So that’s it, eh? All over. Half of Scotland relieved and half with broken dreams. Well, slightly more than half and slightly less than half respectively. It’s strange though – even though I believe the vote went the right way for Scotland and the UK – I don’t feel particularly like celebrating. Why?
Firstly, it was scary. It was edge-of-seat stuff at some stages – if maybe not as near the edge as the media was making out, such was their need to avoid the accusation of appearing one-sided or partisan. Or perhaps they were trying to make it seem more neck-and-neck in order to ratchet up the tension. Either way – they’re still being accused of bias. Sometimes you just can’t win, eh?
Secondly, it’s incredibly sad. Seeing tearful yes supporters today doesn’t make me feel good. One of the reasons I was ‘no thanks’ is because I have a deep distrust of nationalism – whatever country, colour, shape or form – it’s divisive, nasty and the oldest trick in the book to exploit people who feel themselves dispossessed. And when the ‘who’s the more patriotic?’ thing started – that was a low point. Plus the whole celebrity-endorsement-industry when applied to something this important is ridiculously redundant and is something that has to die a natural death.
Reasons to be proud though – the turnout was a record-busting 84.5% and people who had never voted before did so. And – even with a minority of muppets misbehaving – the whole thing was carried out fairly and largely corruption-free.

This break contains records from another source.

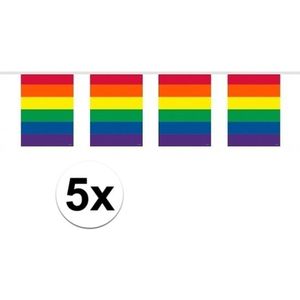 5x Vierkante regenboog vlaggenlijnen van 10 meter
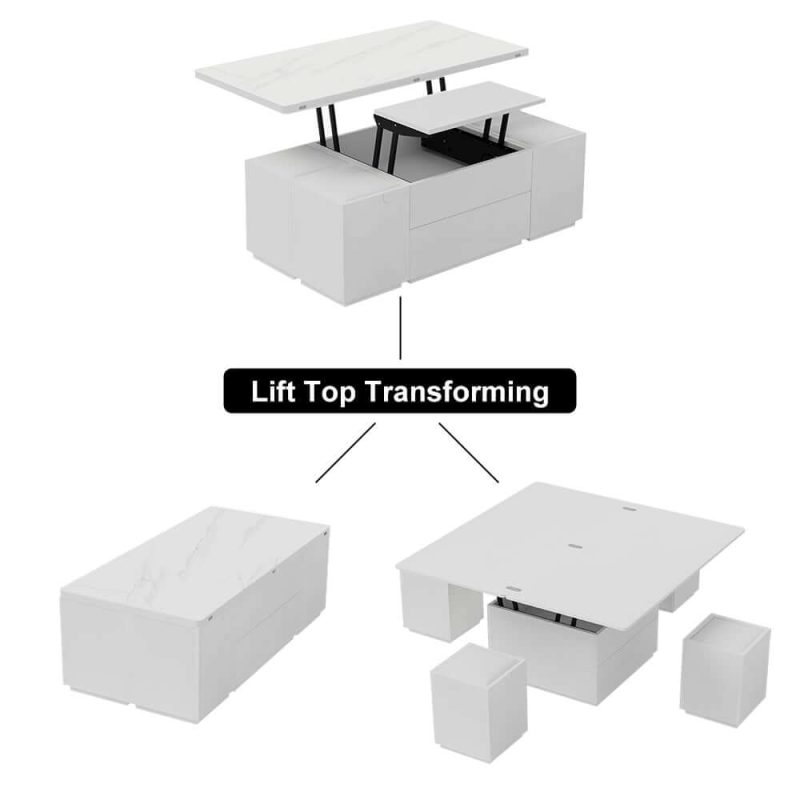 "Modern White Lift Top Marble Coffee Table with Drawers & Storage Multifunction Table"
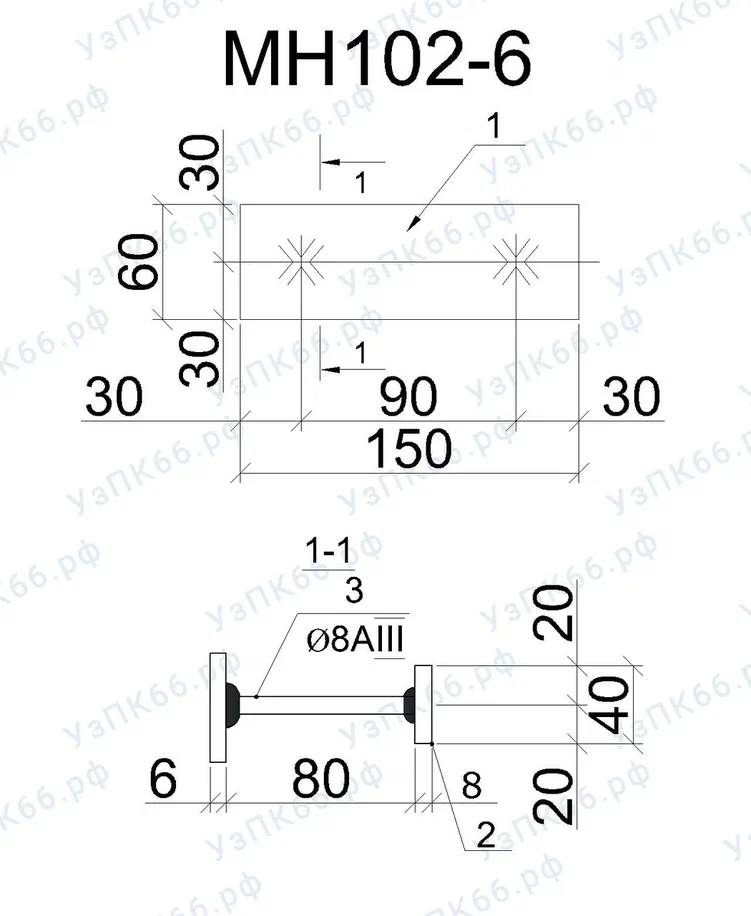Изделие закладное МН 102-6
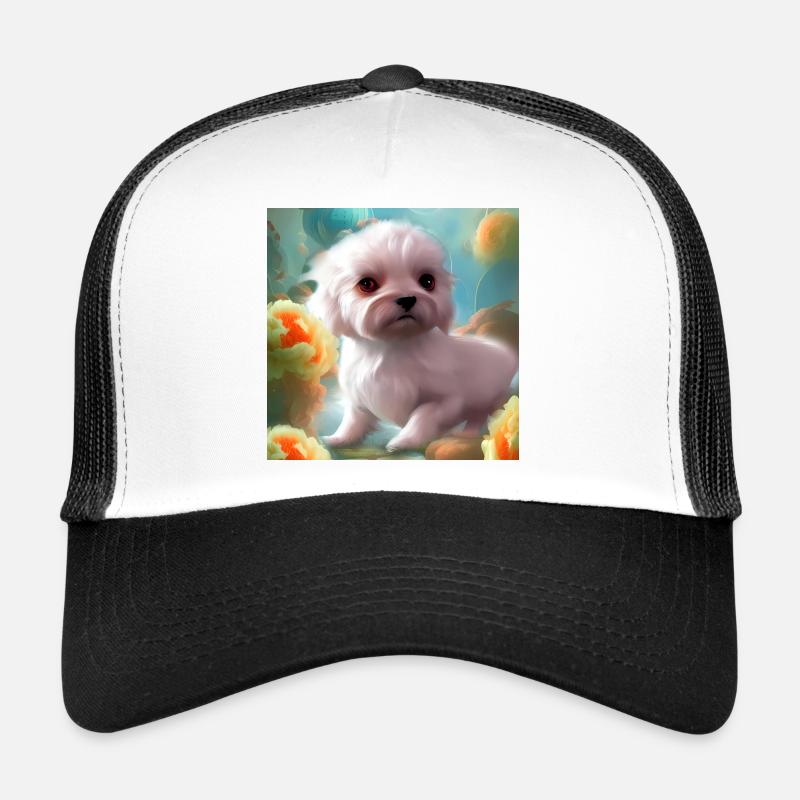 Chiot mignon avec des fleurs Casquette trucker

The next few weeks are going to be crunch-time. All parties have to work together and Westminster has to deliver. The biggest message however is that Scottish Labour has to get real and engage with their core voters again. They can’t – and mustn’t – be allowed to bumble along and only visit the housing estates and areas of deprivation when they’re looking for votes. When it comes to promises they can’t forget because the people won’t.